Oleh Pangeran Benawa kemudian diperintahkan kepada para sahabatnya untuk mencari dimana asal suara yang menjawab adzannya. Namun mereka tidak menemukan apa-apa, hanya tiga buah makam dan ketiganya bernisan batu. Sayangnya dalam Babad Tanah Jawi tidak menyebut tiga makam itu milik siapa. Pangeran Benawa memeriksa ketiga makam itu secara teliti. Sedang di sebelahnya adalah sebuah pohon besar yang sudah berlubang, yang disebutnya pohon kendal. Kyai Bahu dan Kyai Wiro serta dua rekannya diperintahkan oleh Pangeran Benawa agar tinggal di hutan itu dan membuatnya menjadi tempat pemukiman. Desa itu kemudian diberi nama Desa Kendal.

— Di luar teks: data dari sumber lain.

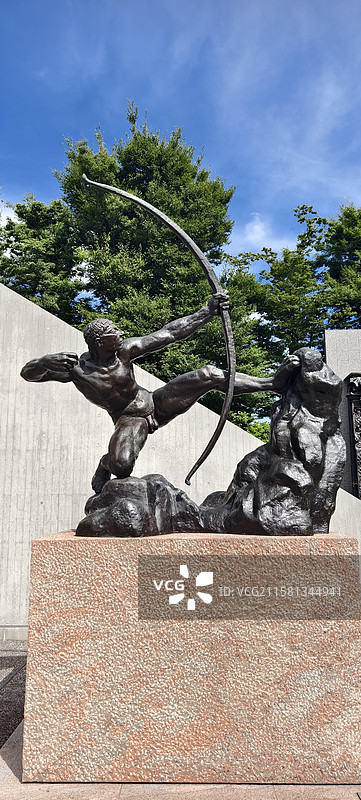 埃米尔-安托万·布德尔(1861年-1929年) 拉弓的赫拉克勒斯 1909年（原型） 青铜图片素材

Sedangkan Pangeran Benawa bermaksud tinggal di hutan sebelah selatan yang letaknya berdekatan dengan sudetan sungai. Ia berjalan ke arah selatan dengan diikuti oleh tiga sahabatnya, karena Kyai Bahu diperintahkan untuk tinggal di tempat yang baru dibuka itu. Sampai di hutan Tegalayang, Pangeran Benawa berhenti untk bertapa ngluwat, bertapa dengan mengubur dirinya dalam sebuah lubang. Lubang dipersiapkan oleh ketiga sahabatnya, dan selanjutnya Pangeran Benawa masuk di dalamnya, dan ketiga sahabatnya agar menutupnya. Sebelumnya dipesankan oleh Pangeran Benawa, bila sudah mencapai empatpuluh hari, maka lubang itu diminta untuk dibuka.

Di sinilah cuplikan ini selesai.